Moshe Breslover was the nickname given to Rabbi Moshe Lubarski (c. 1825 – 1890?), one of the closest disciples of Nathan of Breslov ("Reb Noson"), who in turn was the closest disciple of Rebbe Nachman of Breslov. After Reb Noson's death in 1844, Lubarski became a leading figure in the Breslover community and taught many people, including Rabbi Shimshon Barski and Rabbi Yisroel Halpern.

==Biography==
According to Breslover tradition, Lubarski and his brother, Reb Zanvil, were born as a result of a blessing that Reb Noson gave to their childless mother. She and her husband took care of one of the mikvahs in the town of Breslov, Ukraine. They often provided warm water and towels for Reb Noson to use each night when he arose for Tikkun Chatzot (the Midnight Lament). During the 1830s, when opposition against Reb Noson flared in the town of Breslov, Reb Noson's opponents tried to stop the caretakers from assisting him. They refused, which led to a boycott of their mikvah and resultant financial loss. Lubarski's mother appealed for relief to Reb Noson. Unable to help her with money, Reb Noson offered her a blessing instead. When he heard that she and her husband were childless, he blessed them with children. Reb Moshe and Reb Zanvil were born thereafter.

Lubarski's faith in his mentor was so strong that he followed Reb Noson's guidance and teachings in all cases. Once his house was robbed, but instead of going out to find the thief, he repaired to the study hall, opened a copy of Reb Noson's Likutey Halachot, and began to study the laws and discourses on stealing. Soon afterward, his possessions were returned to him.
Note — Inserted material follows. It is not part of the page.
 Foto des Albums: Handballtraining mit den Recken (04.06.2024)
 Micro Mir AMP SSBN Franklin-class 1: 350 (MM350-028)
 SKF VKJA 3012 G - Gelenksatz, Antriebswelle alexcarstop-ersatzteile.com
Lubarski settled in Tcherin, a small town in eastern Ukraine, after his marriage, where he conversed daily with Reb Avraham Ber, the grandson of Rebbe Nachman and a follower of Reb Noson. Once, Reb Avraham Ber's father-in-law asked to speak with Lubarski as well. Awestruck, Lubarski protested, "What can I say to you about serving God? You knew the Rebbe!" Reb Avraham Ber's father-in-law replied, "Believe me, you learned more about Rebbe Nachman through Reb Noson than I know even from Rebbe Nachman himself!"